------ GIVEN INFORMATION ------

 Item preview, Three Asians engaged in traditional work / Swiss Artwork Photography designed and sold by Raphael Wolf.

------
------ GIVEN INFORMATION ------

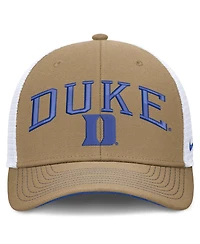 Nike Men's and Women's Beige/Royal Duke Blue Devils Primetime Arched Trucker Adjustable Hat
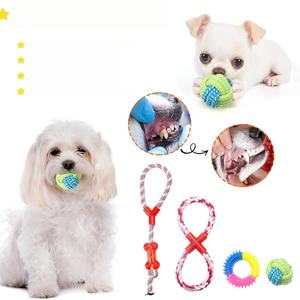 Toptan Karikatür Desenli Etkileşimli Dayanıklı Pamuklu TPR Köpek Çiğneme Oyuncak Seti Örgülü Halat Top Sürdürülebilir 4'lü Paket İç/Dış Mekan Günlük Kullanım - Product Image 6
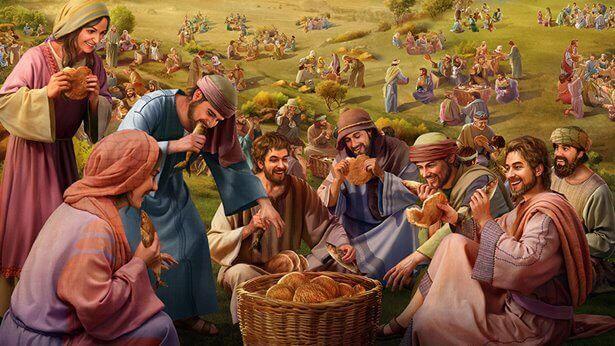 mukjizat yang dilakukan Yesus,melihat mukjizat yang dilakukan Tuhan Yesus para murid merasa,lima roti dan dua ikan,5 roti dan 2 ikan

------

Pictures aside, print exactly the lines above starting with the one containing "Toptan Karikatür Desenli" and going on through the one containing "mukjizat yang dilakukan Yesus,melihat".

**ANSWER FOR THIS EXERCISE:**
 Toptan Karikatür Desenli Etkileşimli Dayanıklı Pamuklu TPR Köpek Çiğneme Oyuncak Seti Örgülü Halat Top Sürdürülebilir 4'lü Paket İç/Dış Mekan Günlük Kullanım - Product Image 6
 mukjizat yang dilakukan Yesus,melihat mukjizat yang dilakukan Tuhan Yesus para murid merasa,lima roti dan dua ikan,5 roti dan 2 ikan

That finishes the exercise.